HEAP-MAXIMUM(A): return A[1]

HEAP-EXTRACT-MAX(A):
if A.heap-size < 1:
   error "heap underflow"
max = A[1]
A[1] = A[A.heap-size]
A.heap-size = A.heap-size - 1
MAX-HEAPIFY(A, 1)
return max

The running time of HEAP-EXTRACT-MAX is O(lg n), since it performs only a constant amount of work on top of the O(lg n) time for MAX-HEAPIFY

The procedure HEAP-INCREASE-KEY implements the INCREASE-KEY operation. The procedure first updates the key of element A[i] to its new value. Because increasing the key of A[i] might violate the max-heap property,the procedure then, traverses a simple path from this node toward the root to find a proper place for the newly increased key. As HEAP-INCREASEKEY traverses this path, it repeatedly compares an element to its parent, exchanging their keys and continuing if the element’s key is larger, and terminating if the element’s key is smaller, since the max-heap property now holds.

HEAP-INCREASE-KEY(A, i, key):
if key < A[i]
   error "new key is smaller than current key"
A[i] = key
while i > 1 and A[PARENT(i)] < A[i]
   exchange A[i] with A[PARENT(i)]
   i = PARENT(i)

The procedure MAX-HEAP-INSERT implements the INSERT operation.
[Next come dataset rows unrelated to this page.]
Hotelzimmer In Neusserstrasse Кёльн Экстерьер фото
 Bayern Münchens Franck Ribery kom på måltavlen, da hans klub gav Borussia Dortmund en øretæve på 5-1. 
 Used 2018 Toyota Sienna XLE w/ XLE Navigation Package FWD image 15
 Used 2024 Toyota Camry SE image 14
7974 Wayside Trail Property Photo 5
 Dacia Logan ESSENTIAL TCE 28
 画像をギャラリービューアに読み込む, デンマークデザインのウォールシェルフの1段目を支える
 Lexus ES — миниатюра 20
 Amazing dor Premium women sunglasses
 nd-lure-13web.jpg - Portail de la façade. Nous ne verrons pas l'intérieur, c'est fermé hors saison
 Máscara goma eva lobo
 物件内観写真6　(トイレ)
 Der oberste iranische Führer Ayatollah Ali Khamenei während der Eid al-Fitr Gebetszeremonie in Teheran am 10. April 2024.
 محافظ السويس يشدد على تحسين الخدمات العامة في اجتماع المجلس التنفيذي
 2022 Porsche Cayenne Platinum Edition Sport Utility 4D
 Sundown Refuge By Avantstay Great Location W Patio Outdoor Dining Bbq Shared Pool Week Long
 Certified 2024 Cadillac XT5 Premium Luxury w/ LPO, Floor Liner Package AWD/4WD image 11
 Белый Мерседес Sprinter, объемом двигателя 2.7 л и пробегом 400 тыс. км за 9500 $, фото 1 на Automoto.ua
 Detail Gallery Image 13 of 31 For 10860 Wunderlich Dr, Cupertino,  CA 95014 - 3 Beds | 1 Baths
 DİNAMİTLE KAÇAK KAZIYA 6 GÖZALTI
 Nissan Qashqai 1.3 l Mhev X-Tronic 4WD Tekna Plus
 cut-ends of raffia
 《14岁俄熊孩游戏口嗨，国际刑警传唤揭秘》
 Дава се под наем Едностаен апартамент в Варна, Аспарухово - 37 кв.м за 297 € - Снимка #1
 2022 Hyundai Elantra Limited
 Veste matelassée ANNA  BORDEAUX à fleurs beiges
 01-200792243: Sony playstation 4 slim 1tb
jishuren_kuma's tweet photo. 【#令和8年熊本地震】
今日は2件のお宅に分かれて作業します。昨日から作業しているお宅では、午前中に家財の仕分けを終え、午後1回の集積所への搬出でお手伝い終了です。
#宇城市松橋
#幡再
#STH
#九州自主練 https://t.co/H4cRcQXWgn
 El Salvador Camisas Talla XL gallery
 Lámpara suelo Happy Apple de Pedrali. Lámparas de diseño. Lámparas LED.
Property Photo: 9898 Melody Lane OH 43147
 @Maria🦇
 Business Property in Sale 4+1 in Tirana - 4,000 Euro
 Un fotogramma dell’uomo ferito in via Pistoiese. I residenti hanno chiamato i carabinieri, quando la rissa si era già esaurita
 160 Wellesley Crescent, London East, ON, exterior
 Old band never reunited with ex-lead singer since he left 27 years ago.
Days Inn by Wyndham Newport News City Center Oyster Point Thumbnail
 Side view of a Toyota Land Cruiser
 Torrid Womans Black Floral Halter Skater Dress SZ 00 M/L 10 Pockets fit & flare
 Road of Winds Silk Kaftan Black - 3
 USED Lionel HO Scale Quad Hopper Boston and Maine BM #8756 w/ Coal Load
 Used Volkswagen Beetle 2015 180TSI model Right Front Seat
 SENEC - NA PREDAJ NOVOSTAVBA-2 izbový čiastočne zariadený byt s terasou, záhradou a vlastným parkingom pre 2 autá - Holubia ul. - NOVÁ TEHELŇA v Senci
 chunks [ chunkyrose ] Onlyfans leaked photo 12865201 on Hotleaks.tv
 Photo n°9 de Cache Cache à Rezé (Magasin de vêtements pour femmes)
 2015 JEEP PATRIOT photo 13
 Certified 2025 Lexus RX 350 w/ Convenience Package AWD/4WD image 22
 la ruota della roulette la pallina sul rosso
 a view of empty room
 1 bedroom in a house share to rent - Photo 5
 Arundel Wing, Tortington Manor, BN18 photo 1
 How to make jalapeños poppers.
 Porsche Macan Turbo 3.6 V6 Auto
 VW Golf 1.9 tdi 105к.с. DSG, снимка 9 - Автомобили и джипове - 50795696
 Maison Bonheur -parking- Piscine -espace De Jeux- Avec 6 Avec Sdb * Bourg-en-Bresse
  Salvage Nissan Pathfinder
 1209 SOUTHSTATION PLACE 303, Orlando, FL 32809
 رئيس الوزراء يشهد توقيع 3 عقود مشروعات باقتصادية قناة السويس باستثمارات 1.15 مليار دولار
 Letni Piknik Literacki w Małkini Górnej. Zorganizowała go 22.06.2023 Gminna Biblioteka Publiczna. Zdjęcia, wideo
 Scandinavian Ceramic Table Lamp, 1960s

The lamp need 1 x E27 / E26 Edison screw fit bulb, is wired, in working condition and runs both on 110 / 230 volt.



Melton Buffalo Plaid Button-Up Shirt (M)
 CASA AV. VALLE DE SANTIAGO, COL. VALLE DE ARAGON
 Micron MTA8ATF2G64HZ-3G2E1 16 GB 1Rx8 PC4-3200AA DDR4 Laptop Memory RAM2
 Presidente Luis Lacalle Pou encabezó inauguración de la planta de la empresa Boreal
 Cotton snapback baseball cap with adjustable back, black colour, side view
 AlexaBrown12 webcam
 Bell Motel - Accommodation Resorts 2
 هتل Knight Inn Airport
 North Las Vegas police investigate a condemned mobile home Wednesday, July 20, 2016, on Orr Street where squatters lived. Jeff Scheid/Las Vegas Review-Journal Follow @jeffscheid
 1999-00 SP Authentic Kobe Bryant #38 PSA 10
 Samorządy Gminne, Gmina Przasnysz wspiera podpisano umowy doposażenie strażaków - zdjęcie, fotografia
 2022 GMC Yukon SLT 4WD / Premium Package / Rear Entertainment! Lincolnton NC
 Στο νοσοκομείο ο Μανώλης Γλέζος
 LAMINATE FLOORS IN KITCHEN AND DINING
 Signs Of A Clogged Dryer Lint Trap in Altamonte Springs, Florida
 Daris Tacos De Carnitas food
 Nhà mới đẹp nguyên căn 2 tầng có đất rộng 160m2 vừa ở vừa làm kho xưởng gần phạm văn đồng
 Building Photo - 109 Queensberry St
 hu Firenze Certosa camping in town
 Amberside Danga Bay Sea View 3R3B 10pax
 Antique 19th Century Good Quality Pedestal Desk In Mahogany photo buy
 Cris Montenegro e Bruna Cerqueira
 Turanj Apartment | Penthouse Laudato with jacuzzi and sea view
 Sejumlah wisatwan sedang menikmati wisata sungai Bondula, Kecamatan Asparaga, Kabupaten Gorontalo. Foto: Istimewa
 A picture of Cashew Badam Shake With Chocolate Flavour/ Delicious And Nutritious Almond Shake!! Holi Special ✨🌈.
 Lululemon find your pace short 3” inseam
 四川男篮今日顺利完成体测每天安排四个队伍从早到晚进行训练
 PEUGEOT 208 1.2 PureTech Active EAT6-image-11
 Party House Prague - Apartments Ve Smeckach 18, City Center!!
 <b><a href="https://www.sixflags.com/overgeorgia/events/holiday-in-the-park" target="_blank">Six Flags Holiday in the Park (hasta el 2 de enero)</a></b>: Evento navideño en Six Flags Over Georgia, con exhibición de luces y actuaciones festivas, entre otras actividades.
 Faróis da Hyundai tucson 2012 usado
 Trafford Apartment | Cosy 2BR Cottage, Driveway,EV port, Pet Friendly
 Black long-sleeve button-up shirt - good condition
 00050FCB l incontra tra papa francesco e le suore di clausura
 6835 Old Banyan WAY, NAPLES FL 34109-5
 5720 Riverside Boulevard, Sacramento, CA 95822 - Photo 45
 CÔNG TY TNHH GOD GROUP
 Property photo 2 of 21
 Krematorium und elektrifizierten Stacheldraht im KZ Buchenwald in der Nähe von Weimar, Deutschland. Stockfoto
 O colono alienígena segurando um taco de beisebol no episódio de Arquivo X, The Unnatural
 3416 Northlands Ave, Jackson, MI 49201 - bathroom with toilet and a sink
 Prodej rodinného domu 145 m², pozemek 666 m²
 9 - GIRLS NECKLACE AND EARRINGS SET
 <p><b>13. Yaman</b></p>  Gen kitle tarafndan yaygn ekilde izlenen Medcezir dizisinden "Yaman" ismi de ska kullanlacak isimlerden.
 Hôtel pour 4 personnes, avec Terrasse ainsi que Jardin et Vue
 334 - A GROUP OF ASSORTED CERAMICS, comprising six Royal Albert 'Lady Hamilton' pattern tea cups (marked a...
It takes as an input the key of the new element to be inserted into max-heap A.

MAX-HEAP-INSERT(A, key):
A.heap-size = A.heap-size + 1
A[A.heap-size] = -infinity
HEAP-INREASE-KEY(A, A.heap-size, key)

The running time of MAX-HEAP-INSERT on an n-element heap is O(lg n). A heap support any priority-queue operation on a set of size n in O(lg n) time.